[without library] Iris Flower Species Classification using Gaussian Naive Bayes

Based on - [2010] Generative and Discriminative Classifiers : Naive Bayes and Logistic Regression - Tom Mitchell

Introduction

This notebook implements Gaussian Naive Bayes. It performs multi-class classification on Iris Flower Species dataset consisting of four attributes and belonging to three classes. There are 300 data points that we divide into training and test data. The prediction accuracy is 94-100%.

Resources:

Towards the end, I have included a sidebar on the comparison of Naive Bayes and Logistic Regression.

Taxonomy and Notes

Probabilistic, Generative

Naive Bayes is a probabilistic classifier. It learns the underlying joint distribution P(X, Y) by learning the likelihood distribution P(X\|Y) (a.k.a class-conditonal) and the prior distribution P(Y) (a.k.a class-prior). The distribution learnt can be used to generate data. Hence, it is a generative classifier. Naive bayes does not model the class decision boundaries, but instead models the distribution of the observed data. In Generative Modeling, we learn a full probabilistic model, the joint distribution P(X, Y). We assume a parametric form of the underlying probability distribution, and estimate those parameters from the observed data.

Parametric

Naive Bayes is parametric since the distribution assumed to model the likelihood (say, gaussian, multinomial, or bernoulli) have parameters. Gaussian distribution has parameters for mean and standard deviation.

Linear

In general, the Naive Bayes classifier is not linear. But, it becomes linear, if the likelihood is exponential. This is because the log-likelihood becomes linear in the log-space. Gaussian, Multinomial, or Bernoulli distributions are all from the exponential family of distributions, so Naive Bayes can be applied to data exhibiting these distributions. Under the assumption of an exponential distribution, Bernoulli Naive Bayes maps to Binomial Logistic Regression, and Multinomial Naive Bayes maps to Multinomial Logistic Regression.

Event Model

The assumptions on distributions of features are called the event model of the Naive Bayes classifier.

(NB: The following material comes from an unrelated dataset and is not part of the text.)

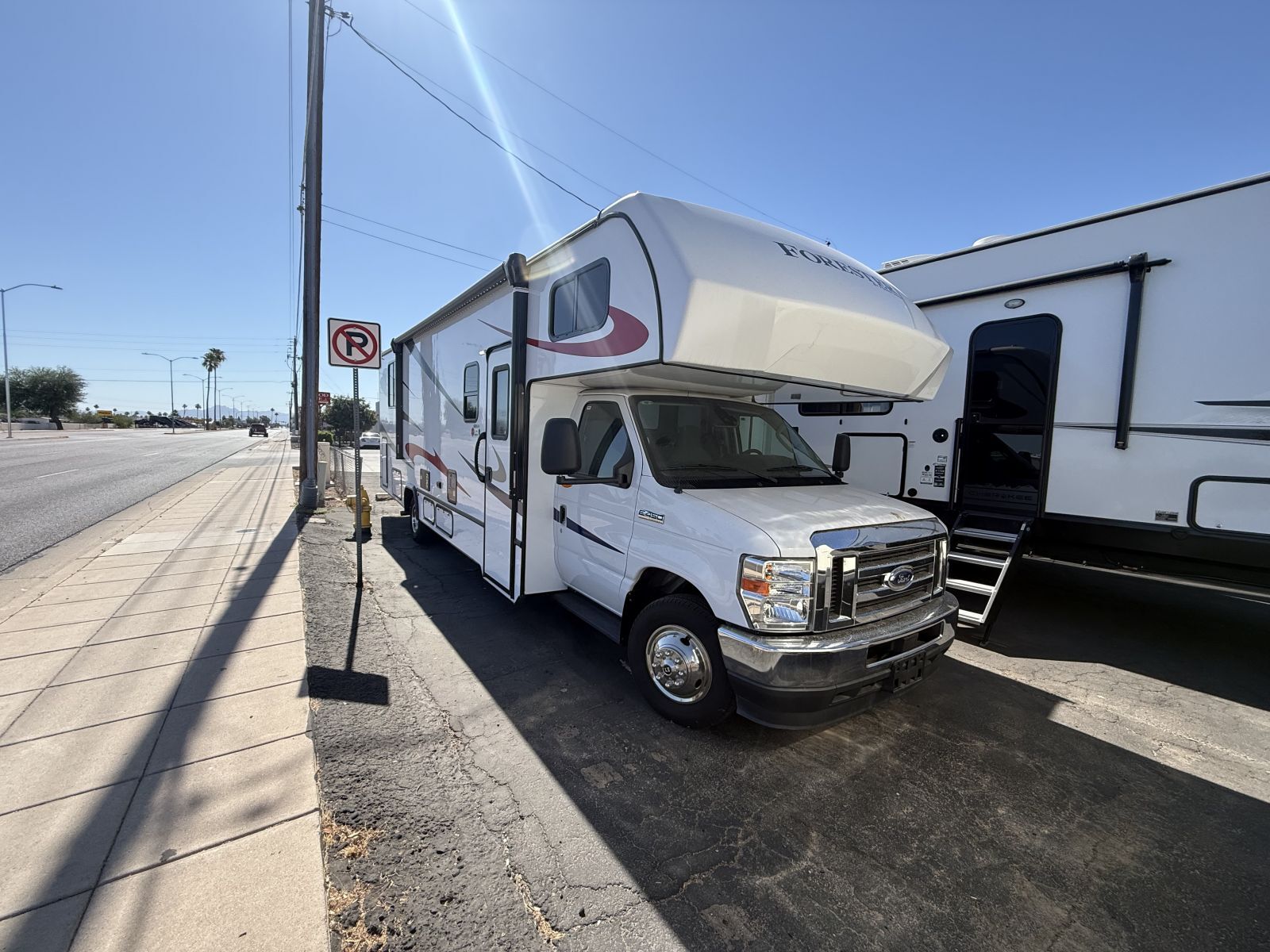 2023 Forest River Rv Forester 2851CD Ford in mesa AZ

Event Model - Continuous Data (MNIST Digit Recognition, Iris Flower Species Classification)

When dealing with continuous data, a typical assumption is that the continuous values associated with each class are distributed according to a normal (or Gaussian) distribution. The Iris Flower Species dataset has attributes that exhibit gaussian distribution.

When assuming Gaussian class-conditionals, if all class-conditional gaussians have the same covariance, then the quadratic terms cancel out and we are left with a linear form. To take an example of MNIST dataset, if we asume that the variance across digits is the same, then we have a linear model.

The class prior distribution has to be a discrete distribution (say, multinoulli) that distributes the probability of a data point belonging to class among K possible classes.

Note: Sometimes the distribution of class-conditional marginal densities is far from normal. In these cases, kernel density estimation can be used for a more realistic estimate of the marginal densities of each class.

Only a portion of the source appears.